# DATA EXCERPT:
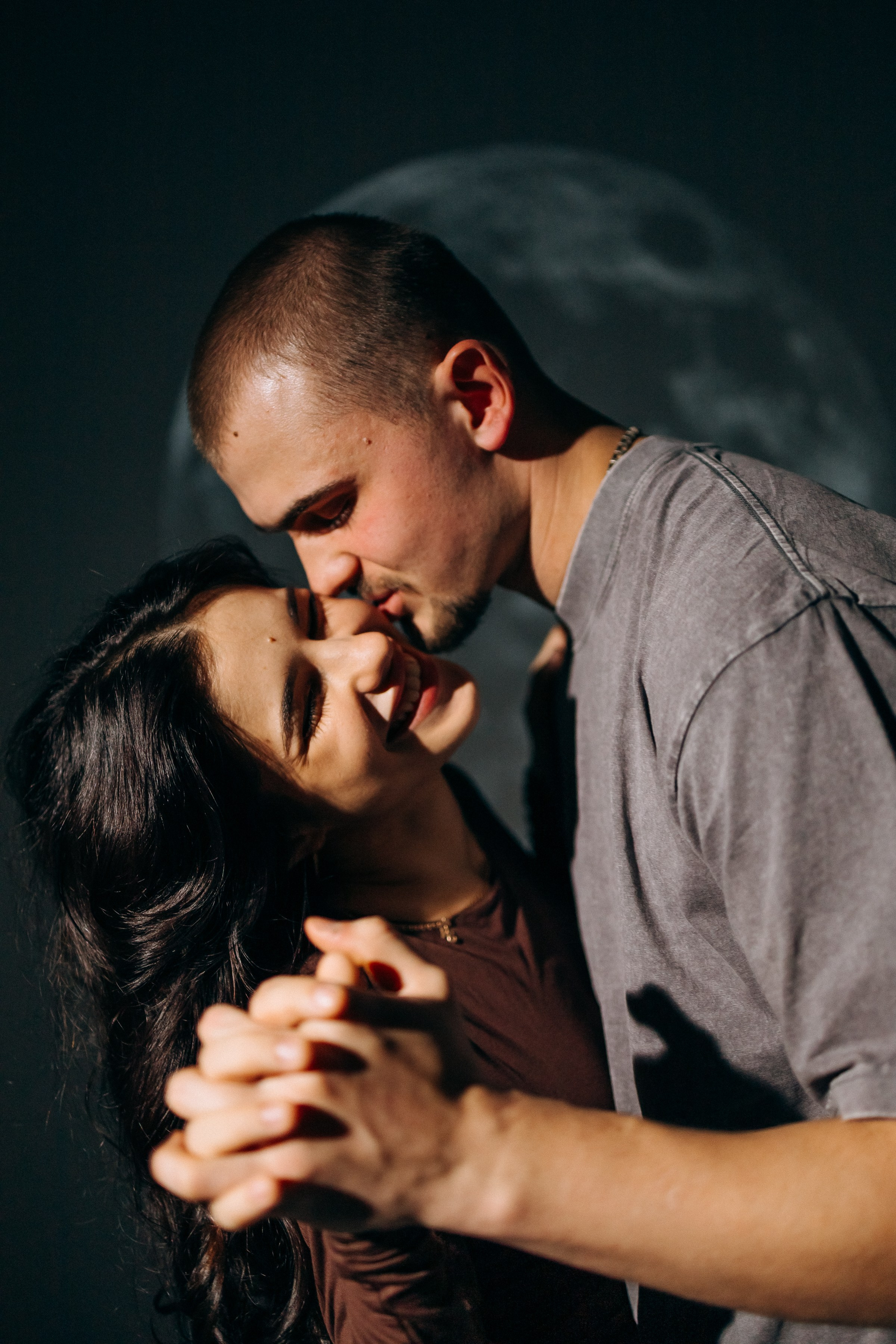 Арина и Андрей. Семейный фотограф в Волгодонске Краченцева Анна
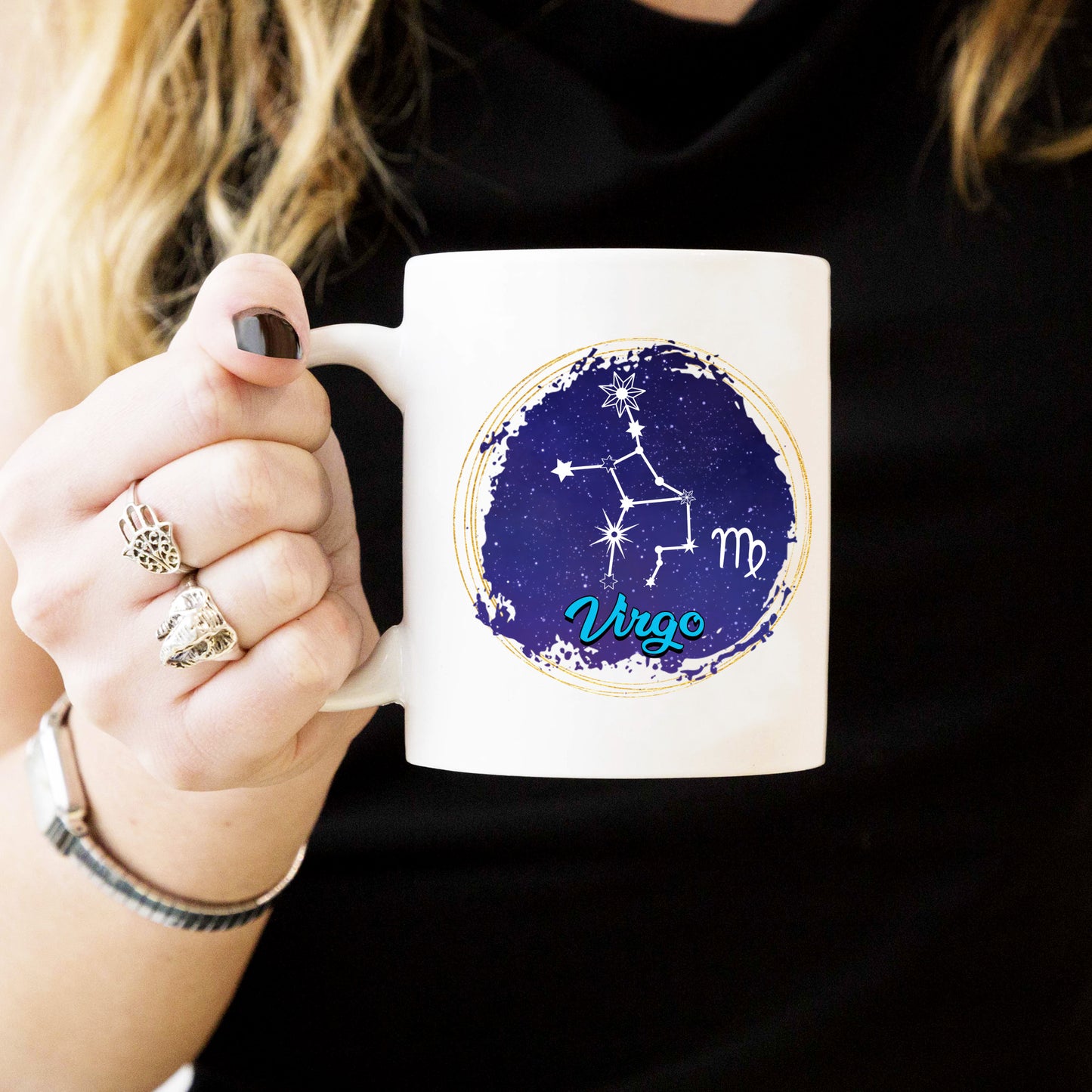 Zodiac Star Sign Mug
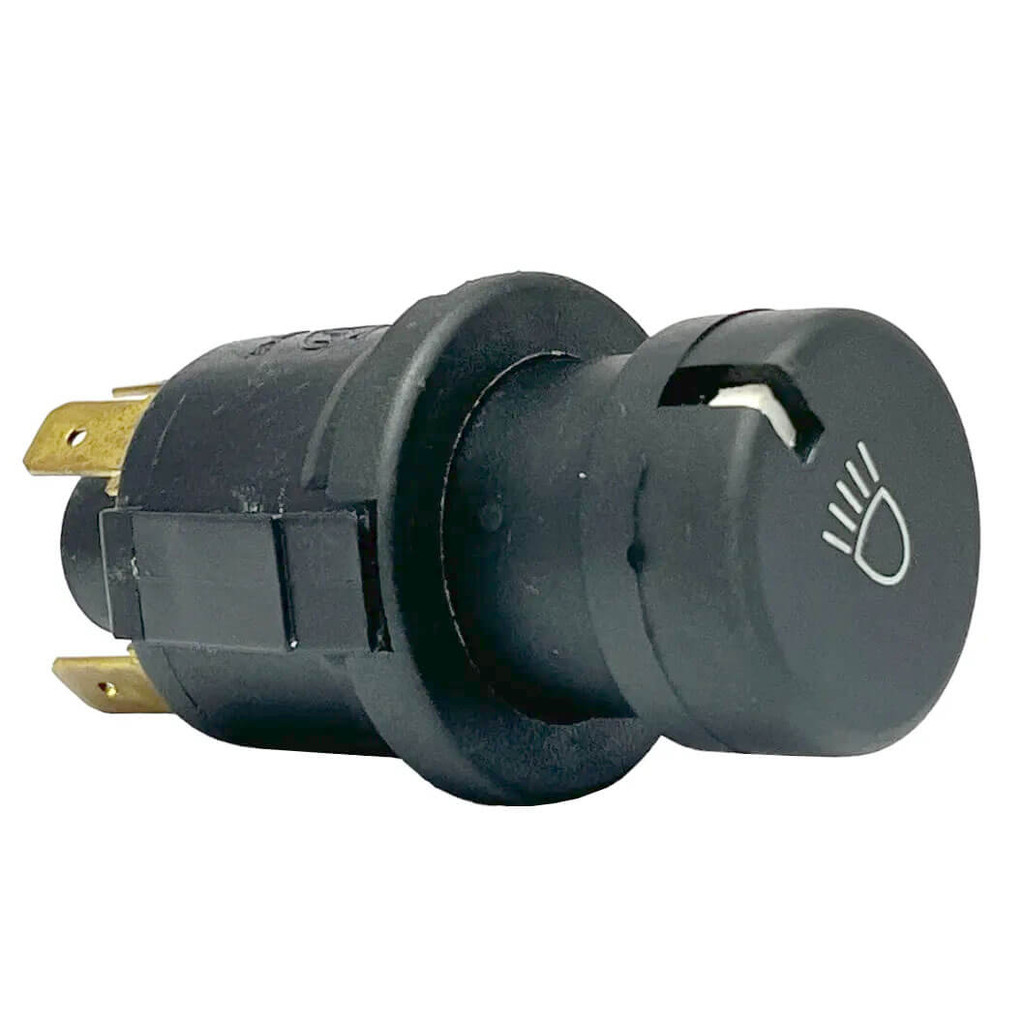 BOTAO INTERRUPTOR FAROL CHEVROLET OPALA CHEVETTE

# TASK GOAL:
The listing above must be given again exactly, minus its pictures.

# REPLY:
 Арина и Андрей. Семейный фотограф в Волгодонске Краченцева Анна
 Zodiac Star Sign Mug
 BOTAO INTERRUPTOR FAROL CHEVROLET OPALA CHEVETTE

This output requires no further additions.